# Can SEGA just re-release SegaSonic The Hedgehog...



## Trash_Bandatcoot (Sep 6, 2018)

...and use this for their trailer music?

*
Thanks.*


----------



## FAST6191 (Sep 6, 2018)

https://tubedubber.com/?q=Stqo8KmTz2A:36ExFK9QTlc:0:100:0:0:1

There you go.


----------



## Trash_Bandatcoot (Sep 6, 2018)

Oh wow, I didn't even knew that that tool was a thing!
It sounds really cool though, thanks!
(Also, never heard of SegaSonic The Hedgehog, the game Mighty and Ray originated from?)


----------



## Heran Bago (Sep 6, 2018)

An arcade trackball such as this and _Centipede_'s doesn't emulate well. It's great if you have a trackball mouse and perfect if its ball is in the center. It's a must-play if you somehow have access to a mame cabinet with one to three trackballs. 

That game had the best 2D title screen Sonic until Mania, using software graphics rotation for Sonic's finger.
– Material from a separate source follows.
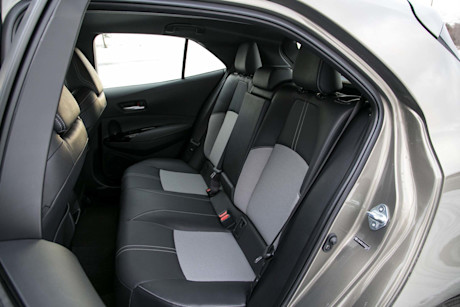 Editorial 2019 toyota corolla hatchback xse 10 jw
Check out some of the unused graphics.


----------



## Trash_Bandatcoot (Sep 6, 2018)

The trackball can easily be simulated on a phone, right?
You have 1 button for jumping (tap) and running (scroll)

--------------------- MERGED ---------------------------

Goddamnit, so there were plans to get the game overseas, as they had the nuts to leave in complete sets of unused Satam-Robotnik sprites, even dialog boxes!


----------